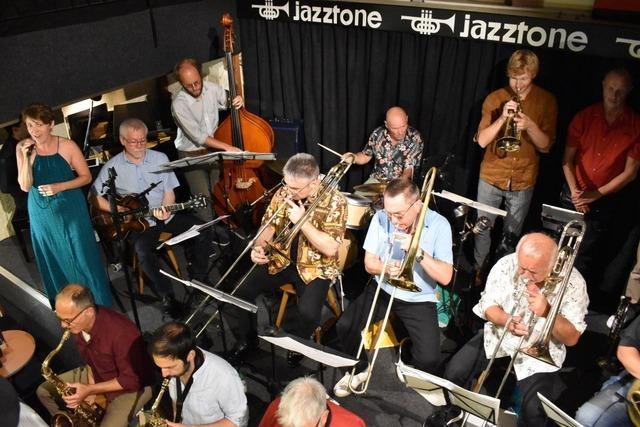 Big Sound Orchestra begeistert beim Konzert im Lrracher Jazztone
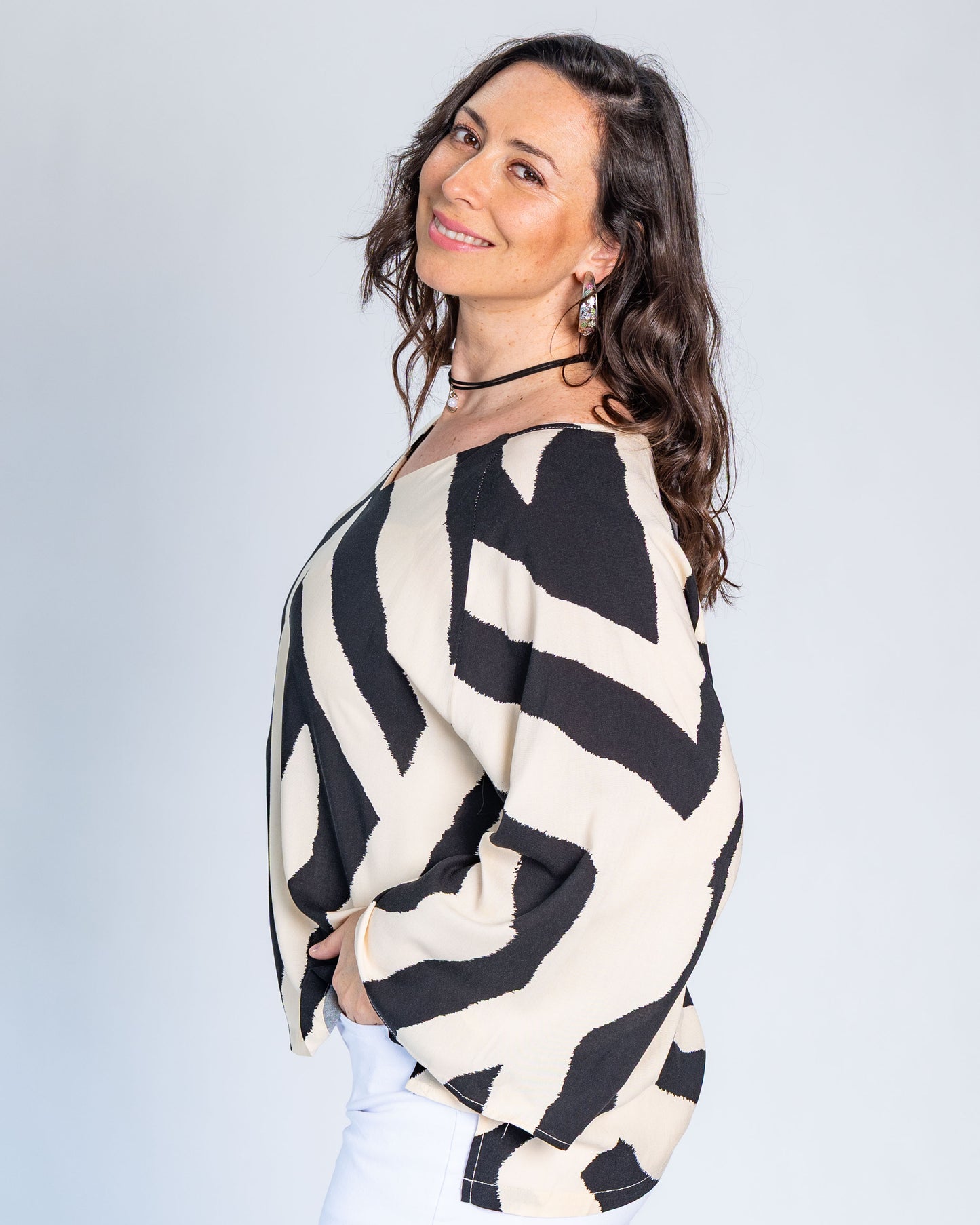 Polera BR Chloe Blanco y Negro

★ ★ ★ ★

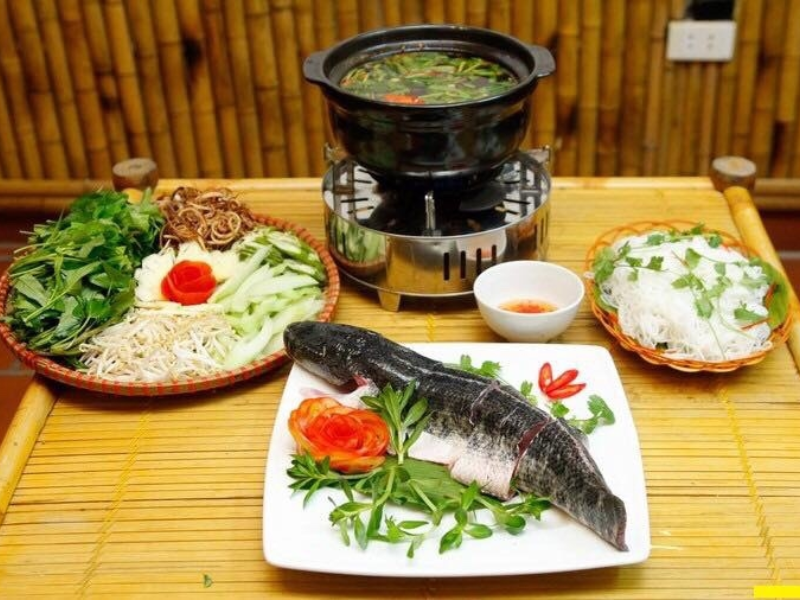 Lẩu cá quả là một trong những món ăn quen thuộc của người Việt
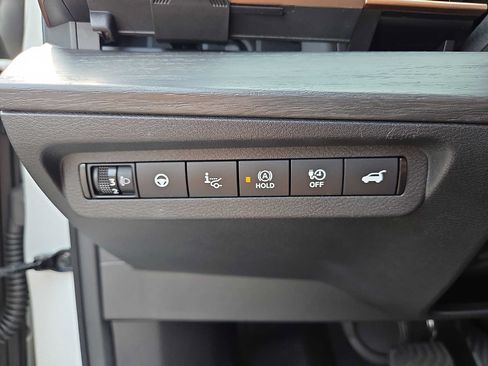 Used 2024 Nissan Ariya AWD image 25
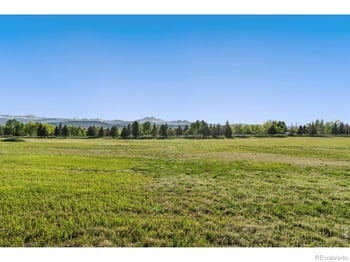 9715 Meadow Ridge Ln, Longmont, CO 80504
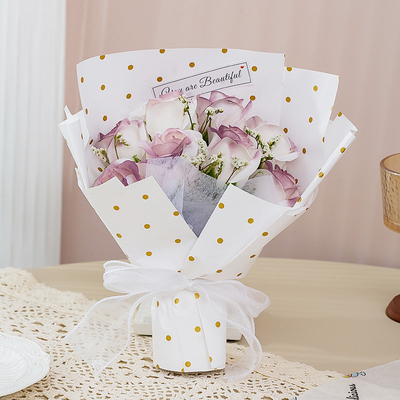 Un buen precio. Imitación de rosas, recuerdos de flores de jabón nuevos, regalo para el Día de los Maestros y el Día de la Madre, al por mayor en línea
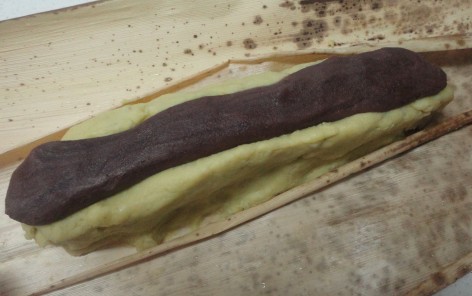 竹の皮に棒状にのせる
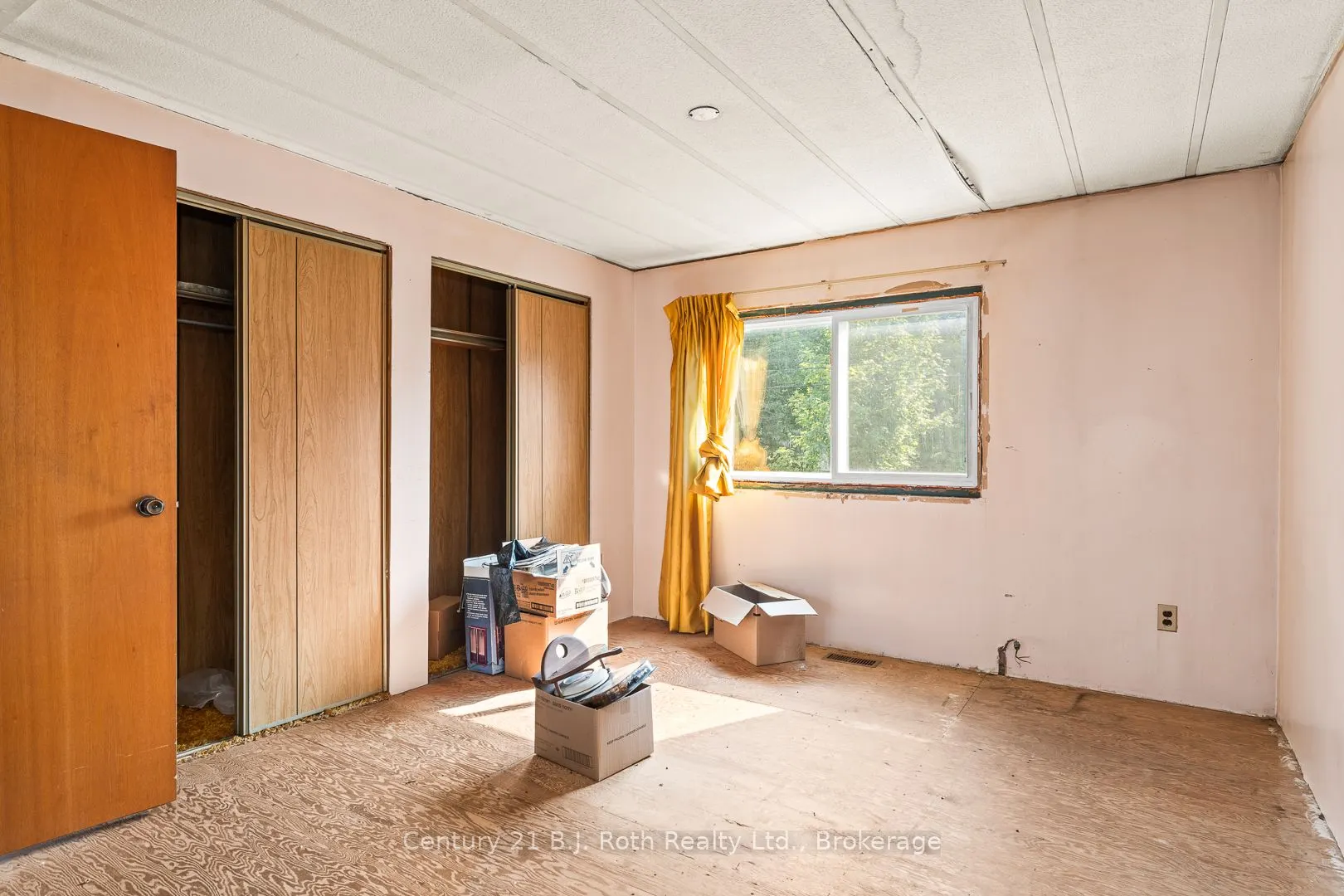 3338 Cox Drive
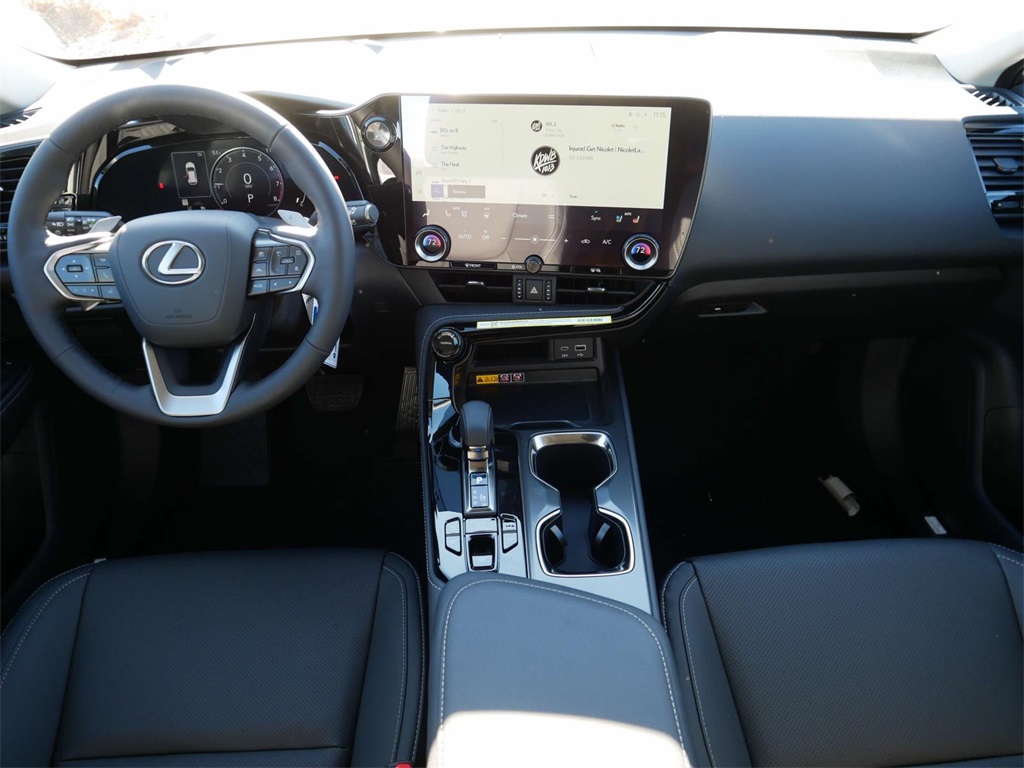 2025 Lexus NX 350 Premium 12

★ ★ ★ ★

§ EXERCISE PROMPT: Every line above between the one containing "Big Sound Orchestra" and the one containing "Polera BR Chloe Blanco y Negro", those two included, is to be printed exactly. No pictures go into the copy.

§ REPLY:
 Big Sound Orchestra begeistert beim Konzert im Lrracher Jazztone
 Polera BR Chloe Blanco y Negro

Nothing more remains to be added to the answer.